Local Government Bill: Council vote proposals opposed
- 18 March 2014
- From the section Northern Ireland
The environment minister has opposed amendments tabled by the Alliance party to replace the D'Hondt system as the preferred mechanism for allocating posts in local councils.
Mark H Durkan was introducing the third group of amendments in the assembly's debate on the consideration stage of the Local Government Bill.
The effect of these amendments would mean the single transferable vote (STV) would be the default method for allocating positions of responsibility.
It would replace the D'Hondt method - a form of proportional representation - specified in the bill.
The bill sets out what powers 11 new local councils will have and how they should be run.
The D'Hondt system is used in the Northern Ireland assembly and is felt to be suitable for use in a divided society, aimed at ensuring cross-community representation.
"I therefore call on the house in the strongest possible terms not to support these amendments," Mark H Durkan said.
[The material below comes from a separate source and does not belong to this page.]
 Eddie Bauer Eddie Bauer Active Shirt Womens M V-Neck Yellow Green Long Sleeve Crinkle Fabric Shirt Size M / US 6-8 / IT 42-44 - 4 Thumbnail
Mr Durkan also objected to an Alliance amendment making the committee system the default arrangement for running a council.
Anna Lo of Alliance said she was "a bit disappointed to hear the minister is not supporting this".
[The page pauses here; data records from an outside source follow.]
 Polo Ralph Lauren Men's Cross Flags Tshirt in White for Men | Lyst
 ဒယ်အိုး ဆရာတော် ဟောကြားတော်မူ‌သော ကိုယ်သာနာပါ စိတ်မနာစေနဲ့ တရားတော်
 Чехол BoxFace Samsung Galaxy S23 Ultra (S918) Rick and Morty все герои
She also drew attention to an amendment she had brought with Cathal Boylan of Sinn Fein and Peter Weir of the DUP to ensure that five representatives of the Northern Ireland Local Government Association (NILGA) or its equivalent would be appointed to the partnership panel.
The panel was intended to bring together representatives of local and regional government.
Peter Weir of the DUP argued that replacing D'Hondt was not a good idea given the small number in the "electorate".
"In these circumstances STV simply doesn't work," he said
Sinn Fein's Barry McElduff said his party had made clear to the minister that they would accept nothing short of the retention of the D'Hondt principle.
He said the party's view was that local government should be "as close to local communities as practically possible".
Ulster Unionist Tom Elliott was concerned about the position of ratepayers in areas where two councils were merging and one had much higher rates than the other.
He commended his party's proposal for a three-year rate convergence support.